# [What you need to do]
Please restate, exactly as written, the lines running from the beginning of the material through the line that has "Veste en tricot boutons fille rose so cute Veste" in it.

# [Information supplied]
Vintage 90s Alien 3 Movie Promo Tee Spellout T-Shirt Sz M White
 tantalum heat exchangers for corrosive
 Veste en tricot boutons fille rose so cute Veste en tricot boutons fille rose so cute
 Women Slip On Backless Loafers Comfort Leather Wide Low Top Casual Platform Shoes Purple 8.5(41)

# [Result of this exercise]
Vintage 90s Alien 3 Movie Promo Tee Spellout T-Shirt Sz M White
 tantalum heat exchangers for corrosive
 Veste en tricot boutons fille rose so cute Veste en tricot boutons fille rose so cute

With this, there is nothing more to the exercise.